Isolate every line in the data with the string "root" and copy it.

Provided records
○ ○ ○

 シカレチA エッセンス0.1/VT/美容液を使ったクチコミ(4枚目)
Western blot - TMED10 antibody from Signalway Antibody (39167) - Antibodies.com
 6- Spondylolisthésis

○ ○ ○

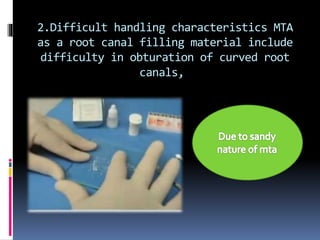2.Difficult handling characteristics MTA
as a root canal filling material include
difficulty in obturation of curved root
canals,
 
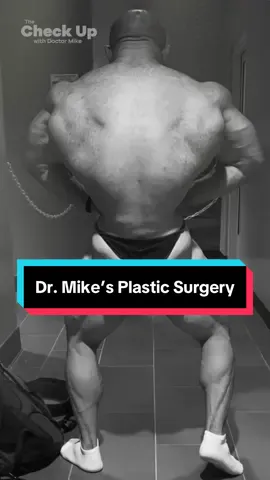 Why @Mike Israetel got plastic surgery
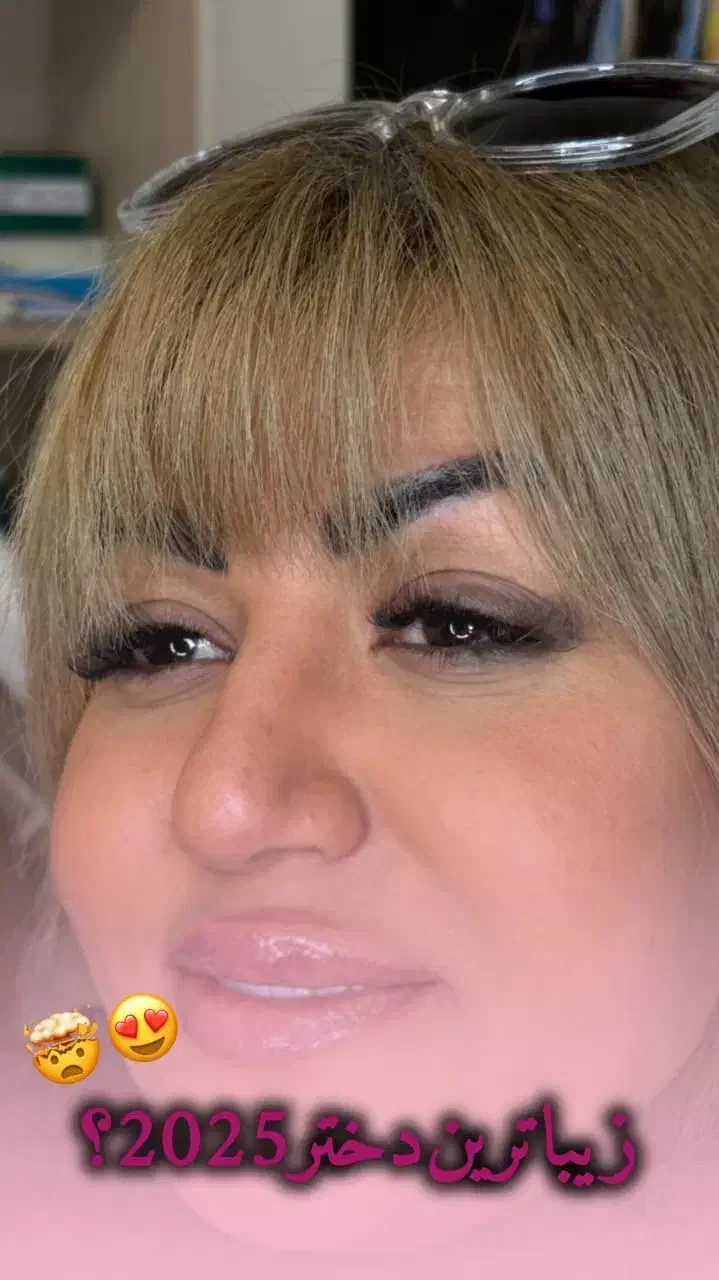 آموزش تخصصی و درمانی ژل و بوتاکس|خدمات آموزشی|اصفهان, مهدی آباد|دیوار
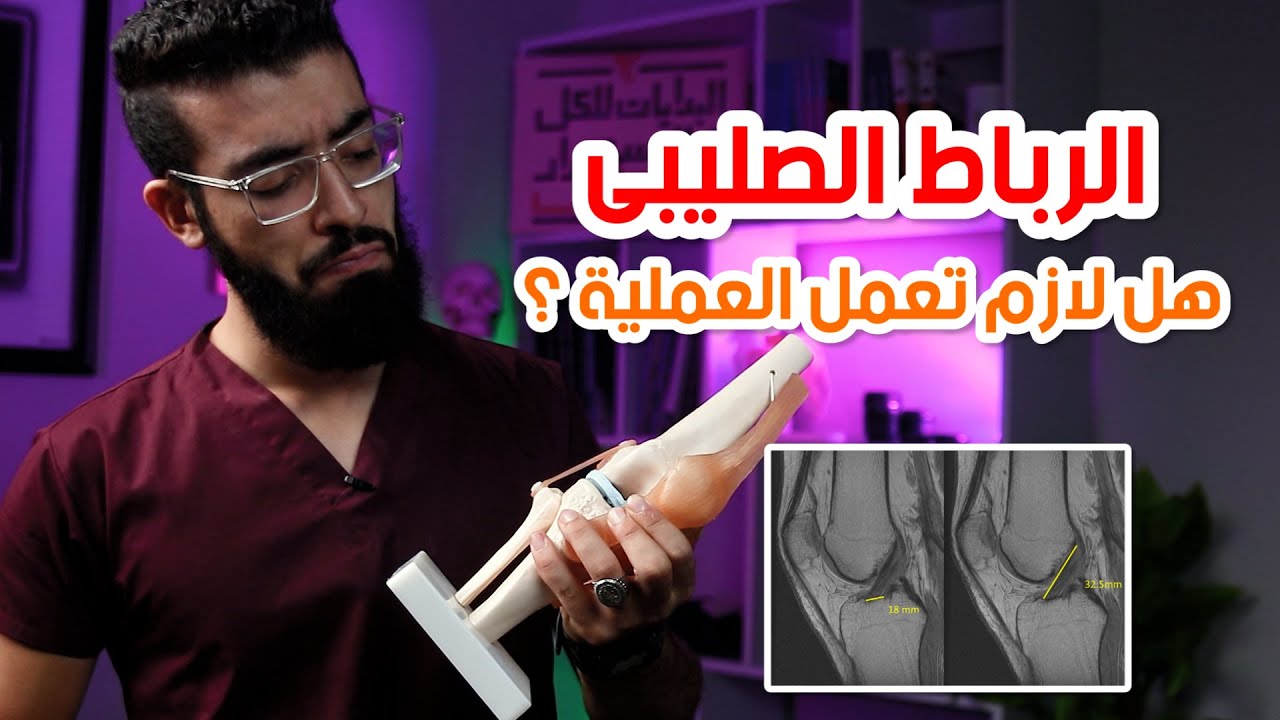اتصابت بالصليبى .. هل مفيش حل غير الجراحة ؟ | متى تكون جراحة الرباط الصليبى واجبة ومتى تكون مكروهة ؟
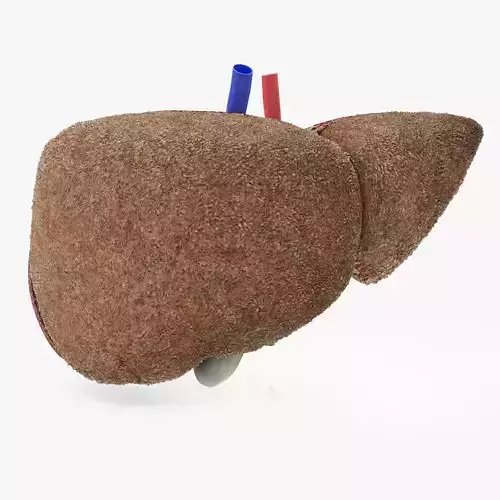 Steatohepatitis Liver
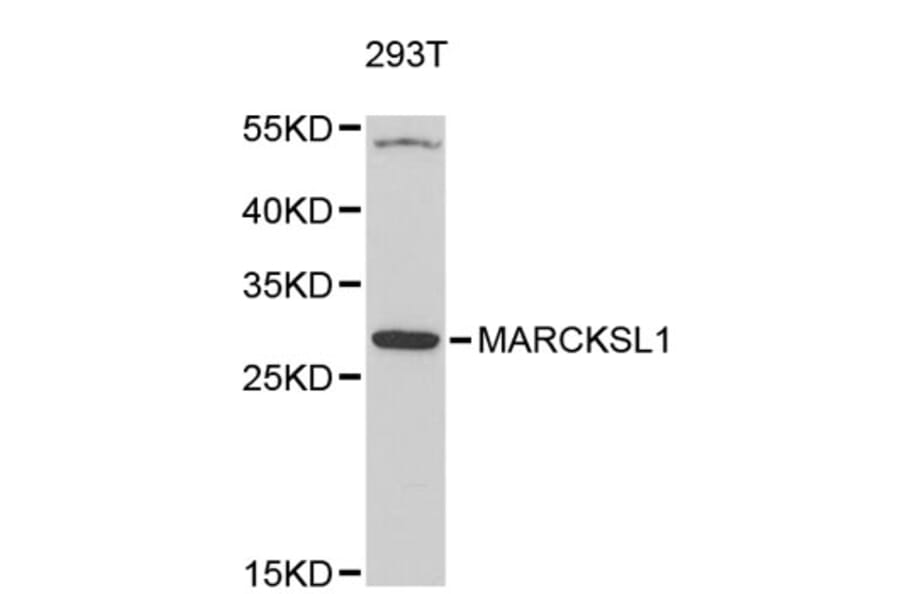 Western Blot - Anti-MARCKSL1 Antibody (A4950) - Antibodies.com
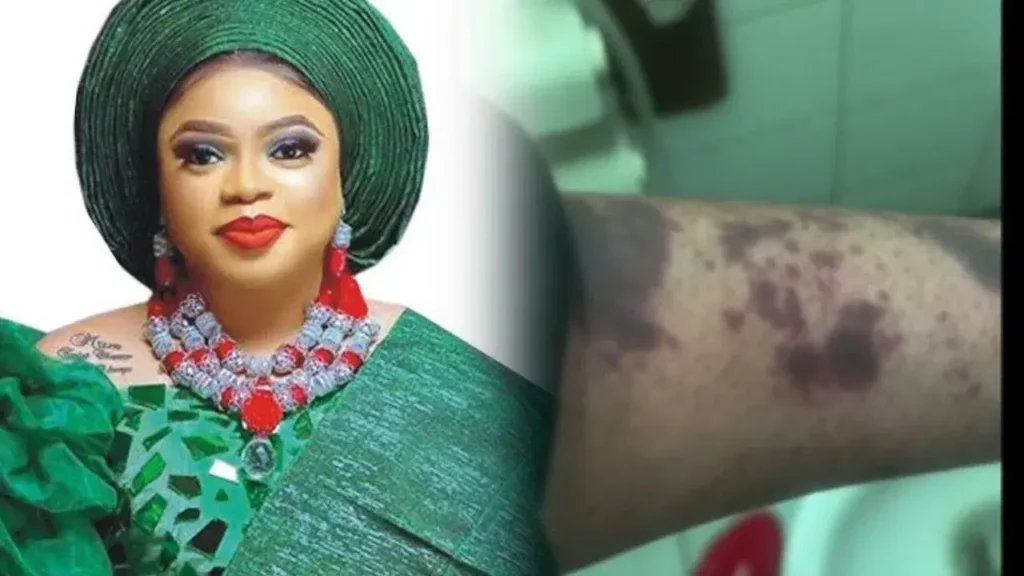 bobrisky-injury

○ ○ ○

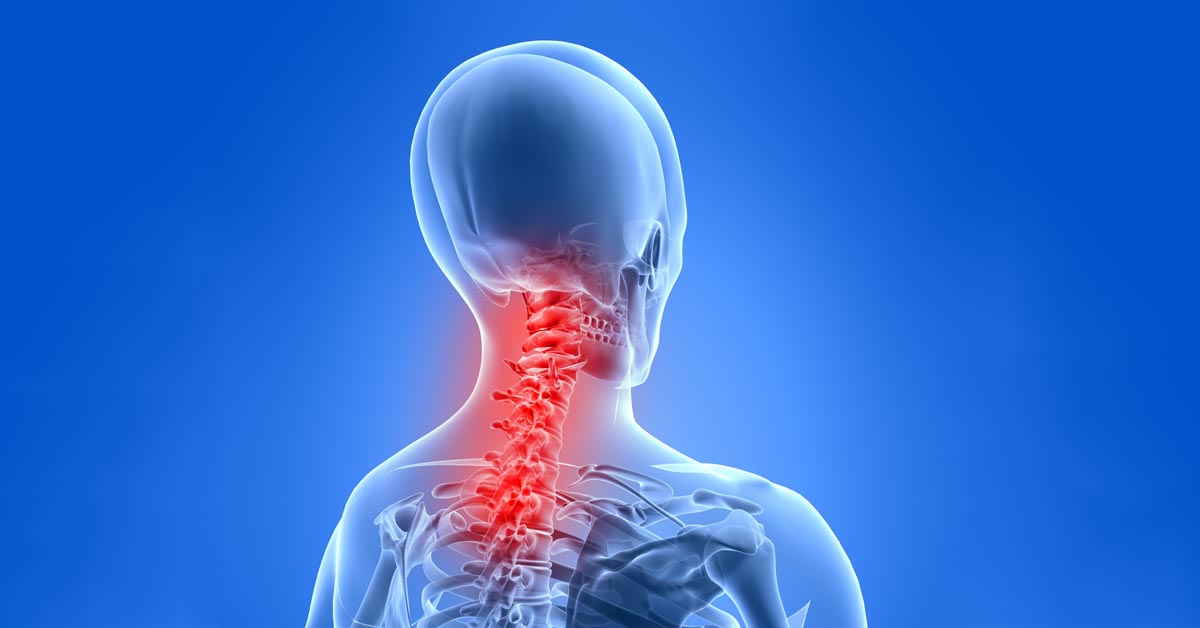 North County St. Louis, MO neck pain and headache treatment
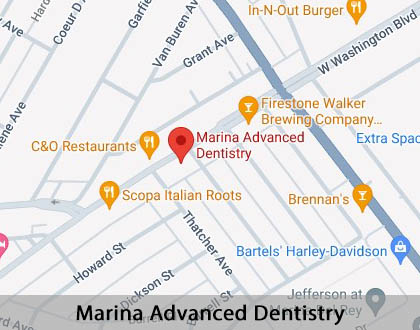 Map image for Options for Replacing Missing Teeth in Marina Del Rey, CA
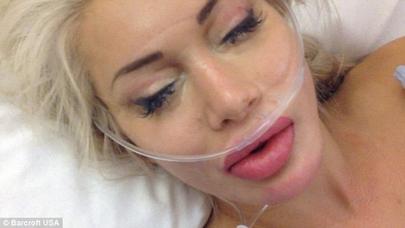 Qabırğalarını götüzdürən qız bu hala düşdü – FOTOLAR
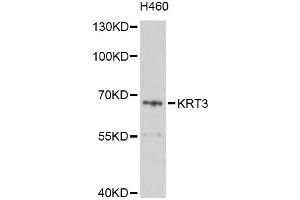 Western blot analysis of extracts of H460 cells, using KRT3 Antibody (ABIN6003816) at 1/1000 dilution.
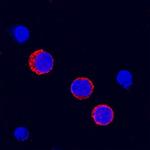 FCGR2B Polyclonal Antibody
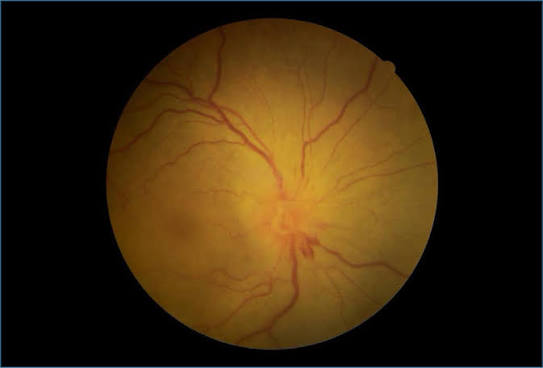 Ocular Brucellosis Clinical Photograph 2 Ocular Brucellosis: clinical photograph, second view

○ ○ ○

Output for this exercise
as a root canal filling material include
difficulty in obturation of curved root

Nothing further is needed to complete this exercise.